NYC Co-op Sublet Policy - 2019 Buyer’s Guide & Insights

One of the most frequent questions asked when a New Yorker is interested in purchasing a NYC co-op apartment is: what is the sublet policy?

While you may plan to live in the apartment for a long time, it is important that you learn how the sublet policy will affect you as a shareholder. Before you decide to buy in a co-op, ask the right questions to understand how strict the policy is.


NYC Co-op Sublet Policy

What does it mean to sublet?

When you purchase a co-op apartment you are buying shares in the corporation that owns the building. Those shares give you a proprietary lease on your unit. If you move out and continue to own your shares, you can either leave the unit empty or sublease the apartment to another person. A sublet is simply another term for sublease.
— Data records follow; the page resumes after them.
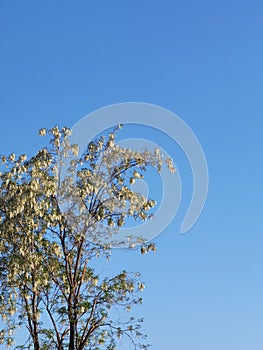 Chinese scholar tree and flowers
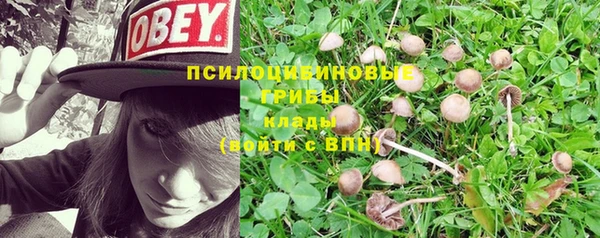 гашишное масло Куйбышев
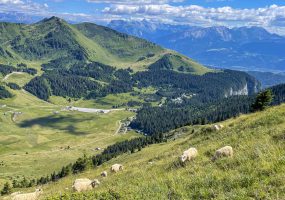 Alpage du Coin à Mieussy le 7 juillet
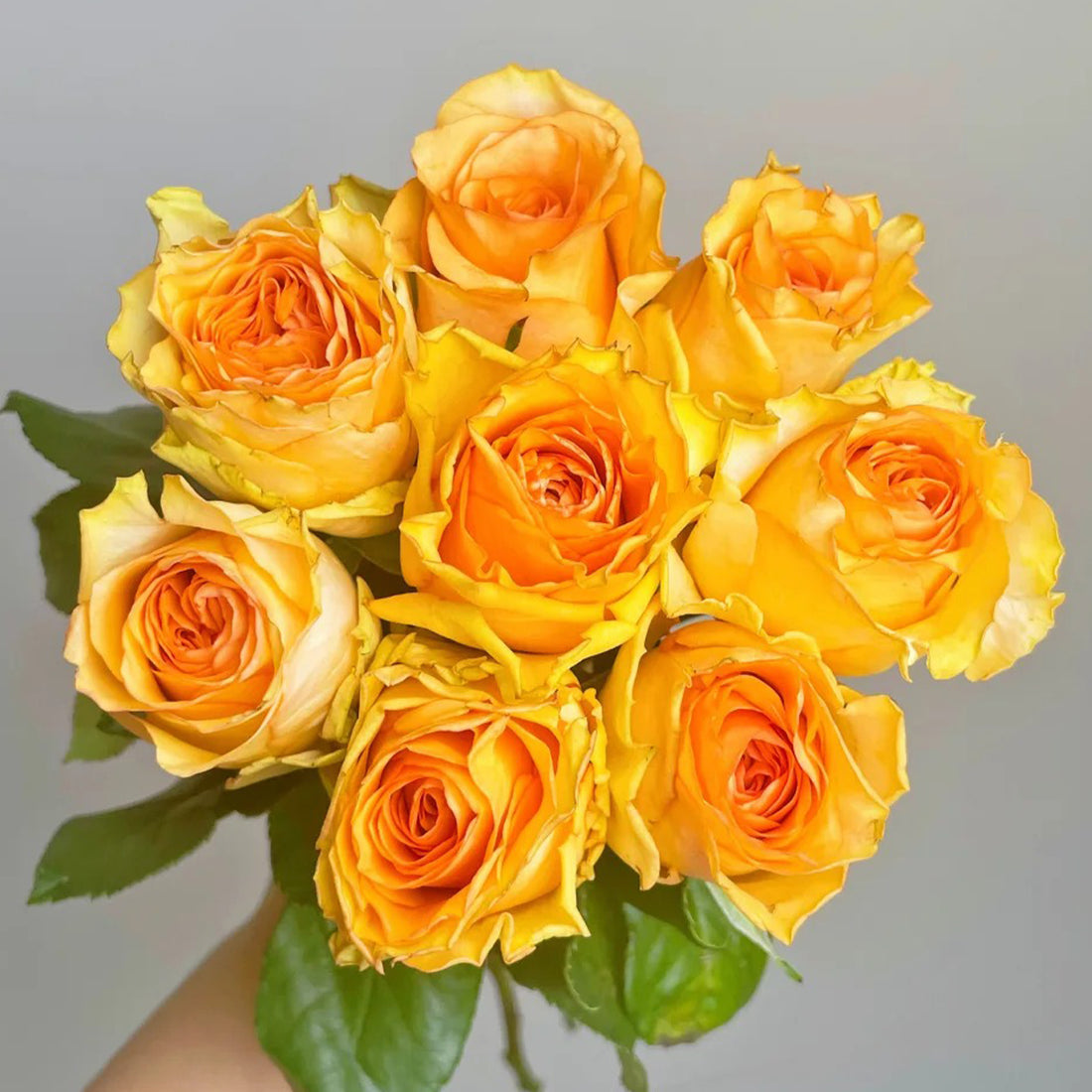 Orange Impression Dutch Florist Shrub Rose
Why is the sublet policy so important?

First, you want to understand how the policy will restrict your use of the unit. Second, you want to understand how it will affect you financially in the event you sublet the apartment.

The rules put in place by co-ops on subletting are intended to promote strong owner occupancy and low turnover. The policy may sound restrictive but the thought process for most buildings and co-op boards is that shareholders will take better care of the apartment than tenants.

The majority of co-op buyers in New York City plan to use the apartment as their primary residence and don’t sublet. So why should you care?

The rules might not affect your use as a resident, but you have to consider the re-sale potential. The more restrictive the rules of your co-op building are, the more they may deter future buyers of your unit from being interested.

Additionally, many co-ops charge additional fees if you are subletting. These fees can add up quickly. If there is a chance you will sublet, you obviously will prefer a co-op with lower fees.

Co-ops are generally not viewed as attractive rental properties for investment buyers because the sublet policies restrict the ability of shareholders to sublet the unit. Plus, the added costs cut in to any potential profits or cost offsets if you maintain ownership of your shares.

What terms of a co-op sublet policy should you ask about?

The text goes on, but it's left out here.